3. Application to all Forms of Relief. This Waiver and Release of
Claims applies to any relief no matter how called, including, without
limitation, wages, back pay, front pay, compensatory damages, liquidated
damages, punitive damages for pain or suffering, costs and attorney's fees and
expenses.
4. Specific Waiver. The Executive specifically acknowledges that his
acceptance of the terms of this Waiver and Release of Claims is, among other
things, a specific waiver of any and all Actions under Title VII, ADEA, ADA and
any state or local law or regulation in respect of discrimination of any kind;
provided, however, that nothing herein shall be deemed, nor does anything herein
purport, to be a waiver of any right or claim or cause of action which by law
the Executive is not permitted to waive.
5. Voluntariness. The Executive acknowledges and agrees that he is
relying solely upon his own judgment; that the Executive is over eighteen years
of age and is legally competent to sign this Waiver and Release of Claims; that
the Executive is signing this Waiver and Release of Claims of his own free will;
that the Executive has read and understood the Waiver and Release of Claims
before signing it; and that the Executive is signing this Waiver and Release of
Claims in exchange for consideration that he believes is satisfactory and
adequate.

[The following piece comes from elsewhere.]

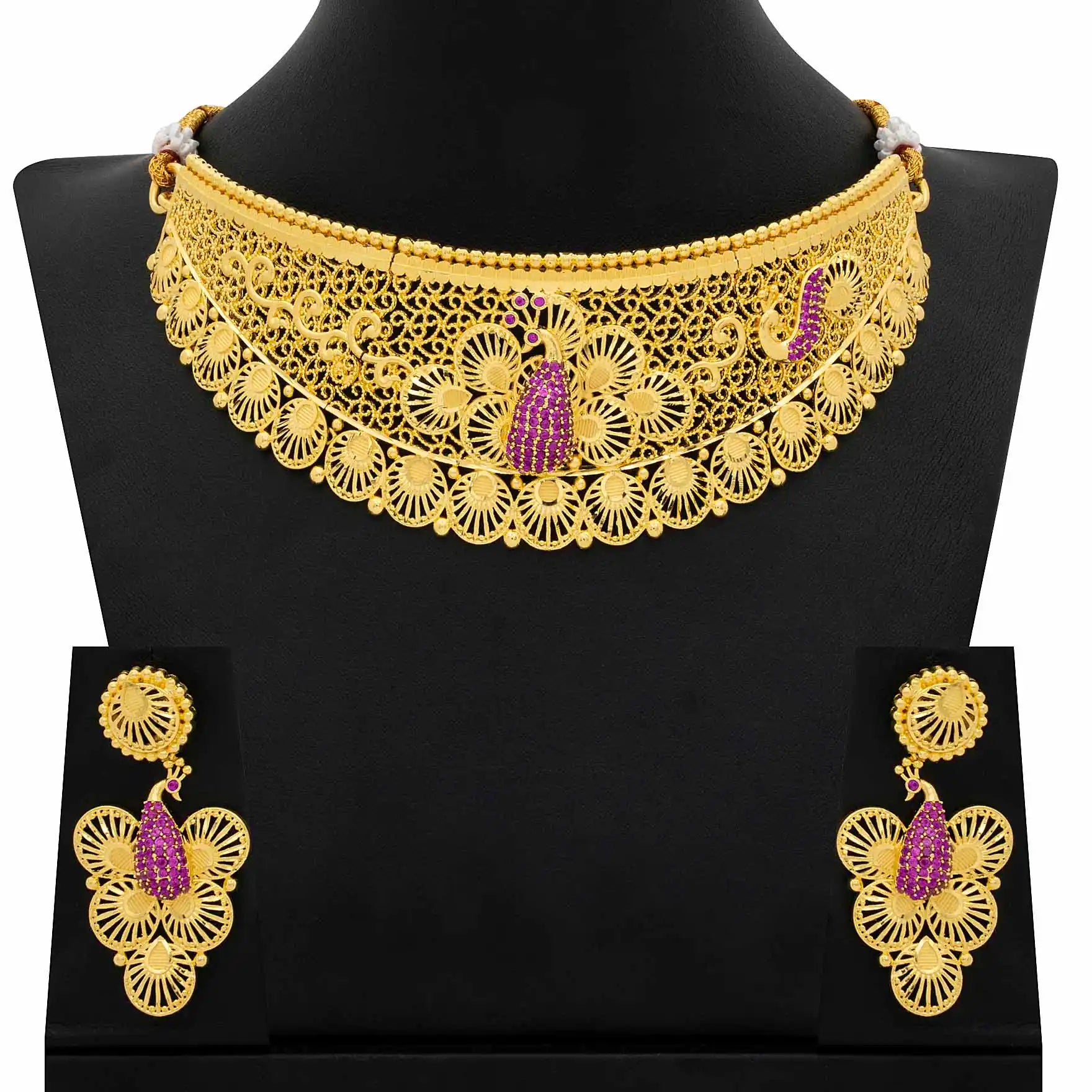 STONE NECKLACE LONG WITH GOLDEN STUD PSNS17R-0321, PSHST64R-081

The Executive also acknowledges and agrees that he has been informed
of the right to consult with legal counsel and has been encouraged to do so.
6. Complete Agreement/Severability. This Waiver and Release of Claims
constitutes the complete and final agreement between the parties and supersedes
and replaces all prior or contemporaneous agreements, negotiations, or
discussions relating to the subject matter of this Waiver and Release of Claims.

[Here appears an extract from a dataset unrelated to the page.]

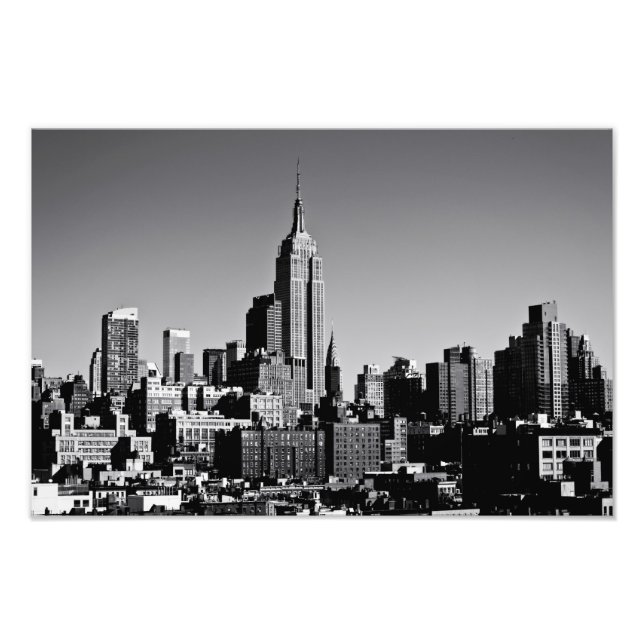 New York City Skyline in Schwarz und Weiß Fotodruck (Vorne)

All provisions and portions of this Waiver and Release of Claims are severable.
If any provision or portion of this Waiver and Release of Claims or the
application of any provision or portion of the
Waiver and Release of Claims shall be determined to be invalid or unenforceable
to any extent or for any reason, all other provisions and portions of this
Waiver and Release of Claims shall remain in full force and shall continue to be
enforceable to the fullest and greatest extent permitted by law.

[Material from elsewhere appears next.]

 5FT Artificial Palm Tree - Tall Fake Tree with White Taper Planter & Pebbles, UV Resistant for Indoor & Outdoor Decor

7. Acceptance and Revocability. The Executive acknowledges that he has
been given a period of twenty-one (21) days within which to consider this Waiver
and Release of Claims. The Executive may accept this Waiver and Release of
Claims at any time within this period of time by signing the Waiver and Release
of Claims and returning it to the Company. This Waiver and Release of Claims
shall not become effective or enforceable until seven (7) calendar days after
the Executive signs it. The Executive may revoke his acceptance of this Waiver
and Release of Claims at any time within that seven (7) calendar day period by
sending written notice to the Company. Such notice must be received by the
Company within the seven (7) calendar day period in order to be effective and,
if so received, would void this Waiver and Release of Claims for all purposes.
8. Effect of Unenforceability of Release. In the event that the
Executive or his successors or assigns initiates an Action in respect of any
portion of the Waiver and Release of Claims set forth herein that is held to be
null and void or otherwise determined not to be enforceable by the Company for
any reason (whether as part of such Action or otherwise), then, in addition to
any other remedy available to the Company hereunder (including, without
limitation, the right to cease the severance benefits set forth in Section III
of the Executive Severance Agreement), the Executive shall promptly repay to the
Company any portion of such severance benefits that has previously been paid or
provided to him.
9. Governing Law. Except for issues or matters as to which federal law
is applicable, this Waiver and Release of Claims shall be governed by and
construed and enforced in accordance with the laws of the State of Georgia
without giving effect to the conflicts of law principles thereof.